Assuming prior knowledge of domain similarity Generally, such knowledge can be obtained through domain experts, or estimated from a small amount of target data.

Moreover, our method remains applicable even without prior knowledge, by setting $\Gamma$ to a known upper bound on distributional distance (e.g., total variation between any two distributions is at most 1). While this yields an over-conservative proxy, it still helps prevent significant drops in transfer performance due to our built-in pessimism principle. We believe this is the most reliable approach in settings where no similarity information is available.

We also note that this limitation applies to other methods as well. For instance, domain randomization (DR) assumes prior access to a set of environments that includes the target domain (Chen et al., 2021). Without such prior knowledge, our pessimism principle helps prevent undesirable outcomes, whereas DR provides no such guarantees.
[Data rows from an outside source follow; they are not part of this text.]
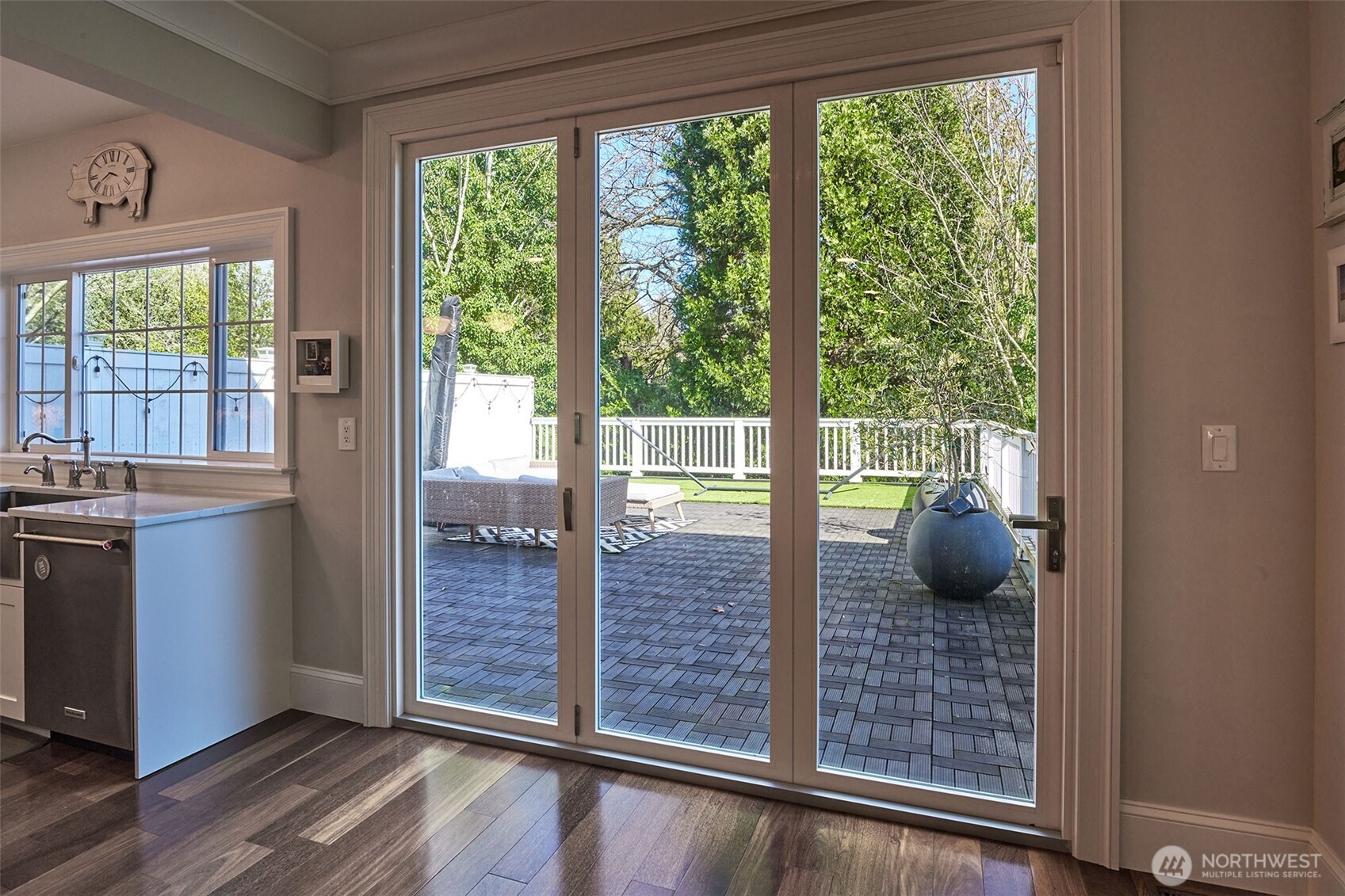 2736 34th Avenue S, Seattle, WA 98144-5561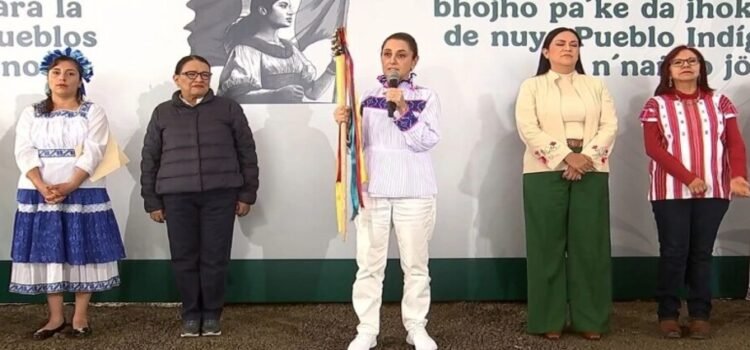 La presidenta de México Claudia Sheinbaum es recibida con calidez por indígenas de Amealco, Querétaro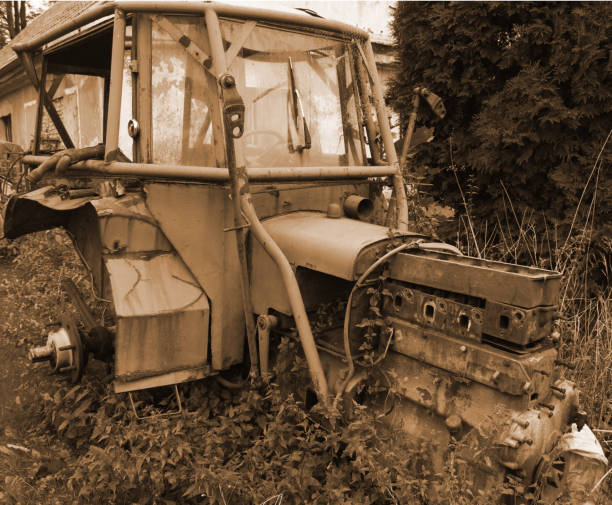 istock The torso of the old tractor 914433028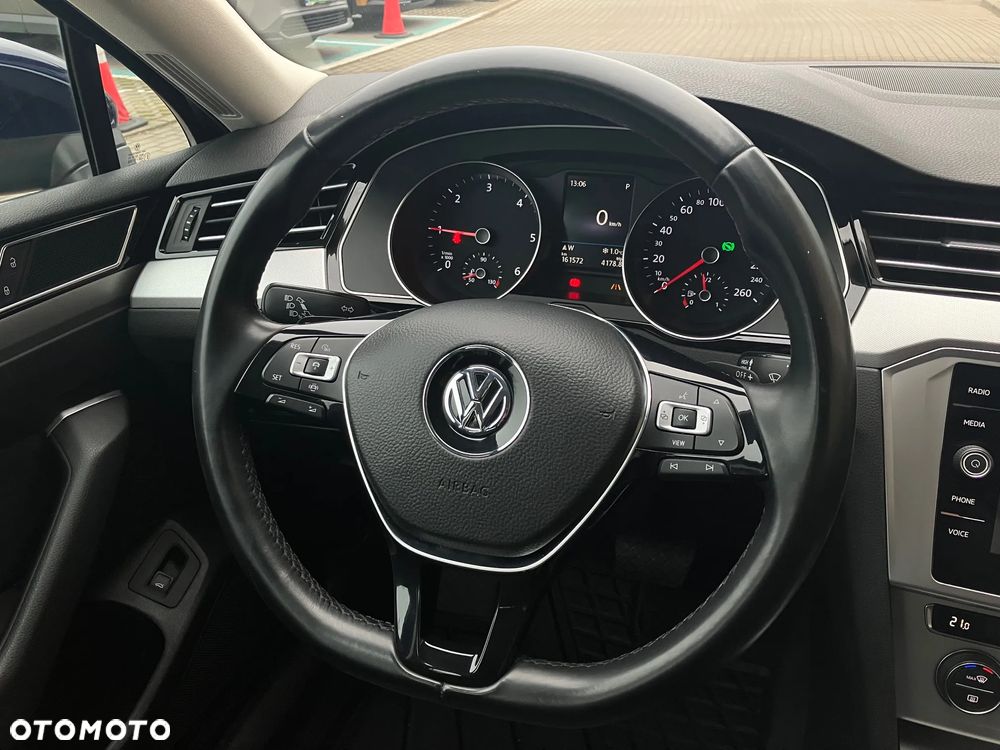 Volkswagen Passat 2.0 TDI BMT Comfortline DSG7 - 22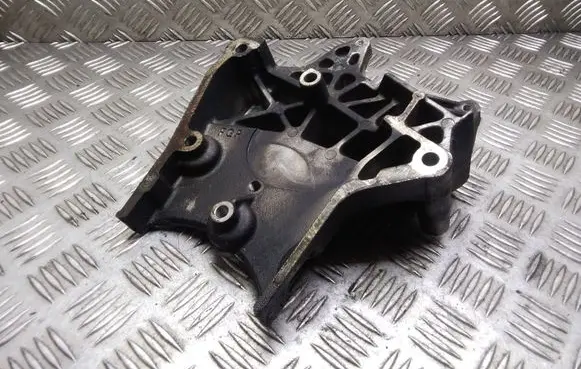 Opel Vectra C Engine mounting bracket 55187676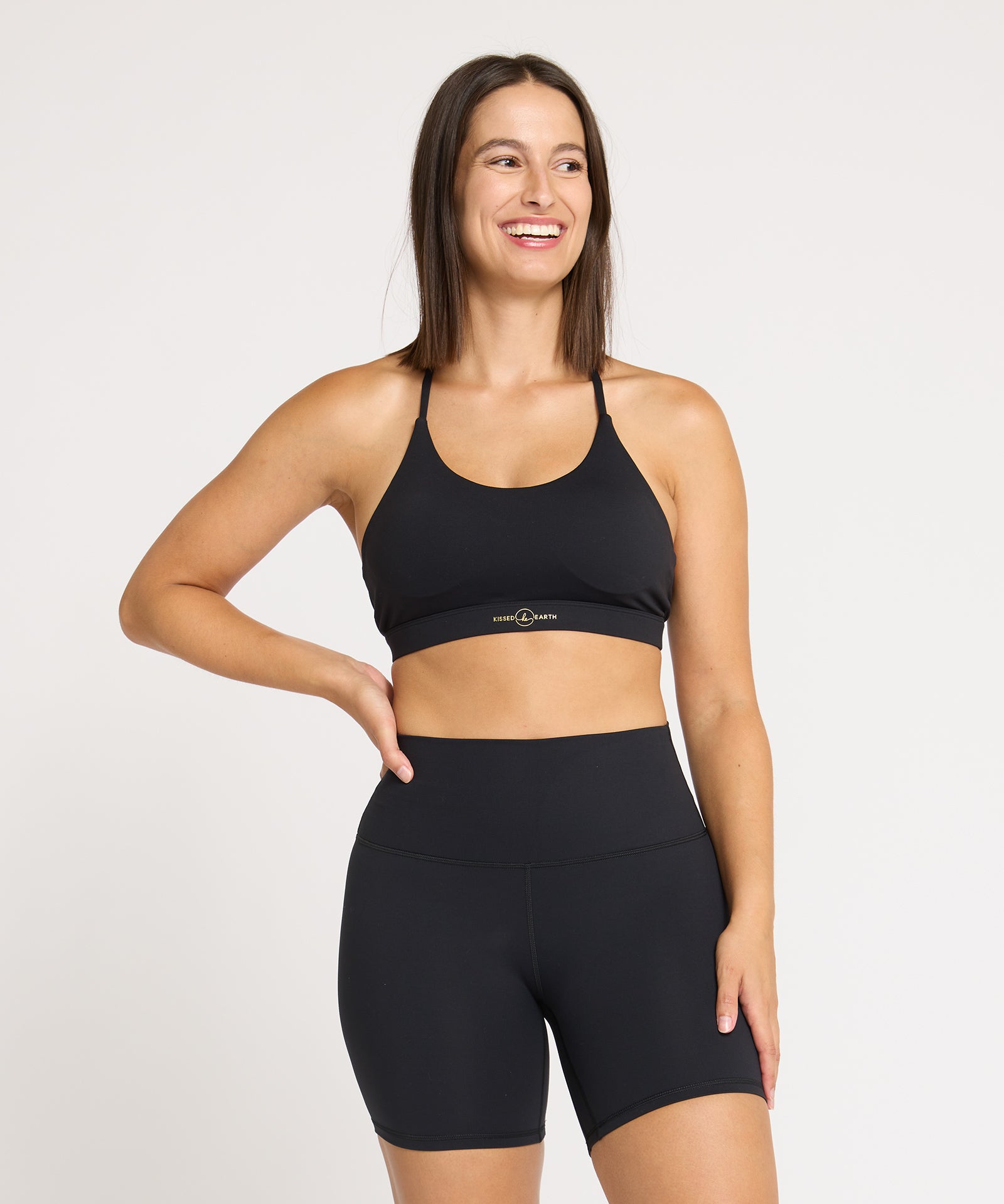 kissedearth_Activewear_8353_1c484b81-3e8c-42c4-9e1e-be57281cb25d.jpg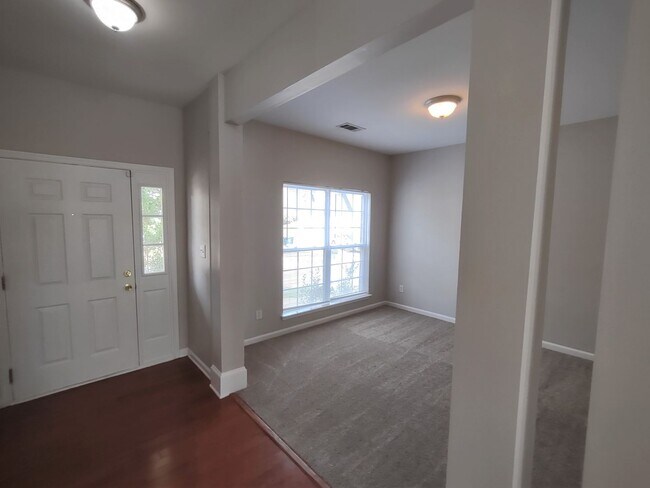 Building Photo - Beautiful Home located in the McCoy Crossing Community!
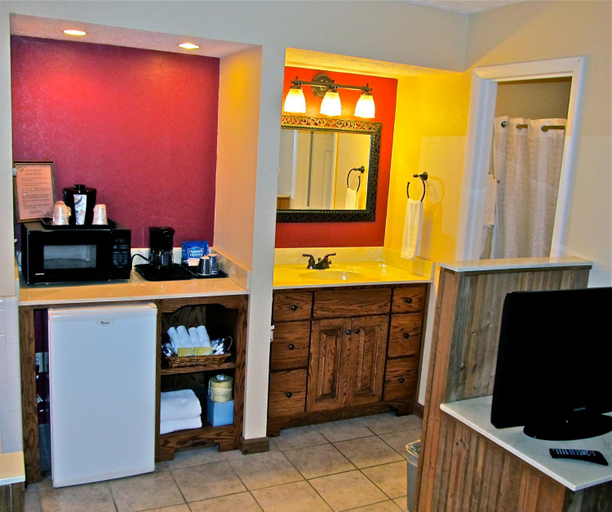 Others 5, Jonathan Creek Inn, Haywood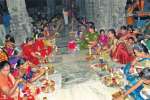 கைலாசநாதர் கோவிலில் 1008 குத்துவிளக்கு பூஜை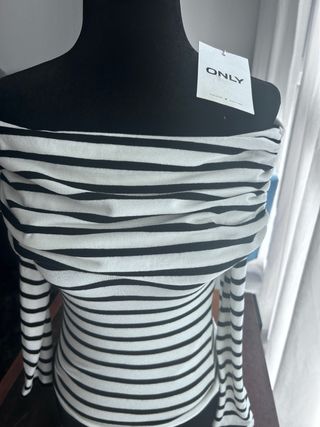 Camiseta ONLY rayas marinera sin estrenar
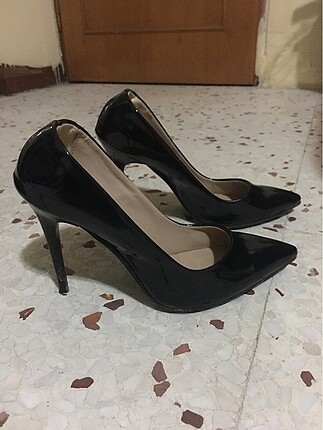 Rugan Stiletto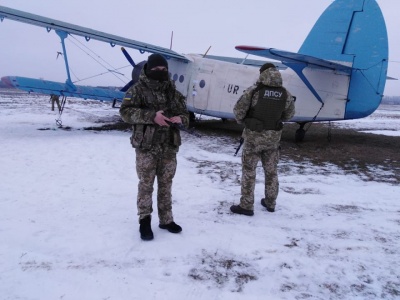 Прикордонники затримали літак, який вночі міг перевозити контрабанду через кордон на Буковині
Can ( $\zeta$ ) be adaptively tuned?
We first note that $\zeta$ depends on $\Gamma$ in our algorithm. Since we consider a zero-shot setting, $\Gamma$ is pre-set and fixed, and it cannot be tuned without any additional information. However, if any additional knowledge is available, e.g., a small amount of target domain data, or we are allowed to fine-tune via exploration, we can use it to shrink the uncertainty radius and enhance the effectiveness.

Negative transfer We sincerely refer the reviewer to our response to Reviewer QZdX. The results are in Fig 1.

最终决定Accept (poster)

2025-05-01

All reviewers appreciate the contribution of their paper. I also think it has nice theoretical contribution.